If you’re anything like me, you know that mornings are spent with the voices and personalities of Steve Inskeep, Rachel Martin, David Greene and Noel King, evenings are spent with Audie Cornish, Ari Shapiro, Mary Louise Kelly and Ailsa Chang, and Saturday mornings and Sunday afternoons are spent playing Wait Wait… Don’t Tell Me.  I’m of course talking about National Public Radio (NPR). 

I love listening to NPR to stay informed on the current events of the world so that I am able to engage in topical conversation when necessary. So, when I saw “Public Radio: Behind the Voices” by Lisa A. Phillips in the suggestion box of books I might enjoy, I did not hesitate to purchase it. 
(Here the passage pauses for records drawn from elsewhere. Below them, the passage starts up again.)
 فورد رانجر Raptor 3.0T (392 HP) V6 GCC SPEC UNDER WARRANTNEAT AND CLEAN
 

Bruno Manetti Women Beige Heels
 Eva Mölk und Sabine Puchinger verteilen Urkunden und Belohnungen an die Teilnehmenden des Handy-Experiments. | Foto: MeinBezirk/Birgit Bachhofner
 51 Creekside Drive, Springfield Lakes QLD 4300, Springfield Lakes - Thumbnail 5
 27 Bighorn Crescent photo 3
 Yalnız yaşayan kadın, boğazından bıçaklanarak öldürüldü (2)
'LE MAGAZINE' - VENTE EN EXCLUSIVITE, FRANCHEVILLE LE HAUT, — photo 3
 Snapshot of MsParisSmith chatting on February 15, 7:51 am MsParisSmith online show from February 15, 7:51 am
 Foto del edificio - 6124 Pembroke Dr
The book is a collection of personal stories from some of the most listened to voices in public radio including Nina Totenberg, Melissa Block and Noah Adams.

“These public radio hosts are with us when we get up in the morning, when we drive to work, when we cook dinner, garden, sit in the bathtub… They are veiled by the invisibility,the inherent modesty, of radio. We delight each time that veil is briefly lifted,” Phillips wrote in her introduction to the book. 

Through personal interviews and in-depth research, the reader gets to know the figures of public radio by letting them speak for themselves about their lives and love of radio. Phillips has a knack for finding the entertaining and telling anecdotes that bring the public radio personalities to life. 

For those who aren’t fans of public radio, the stories are still entertaining anecdotes that anyone would enjoy. But fans of public radio will truly enjoy this book for what it is: a playbill for the voices behind the microphone that deepens the appreciation for the voices- and people- who bring us the world through our radio everyday.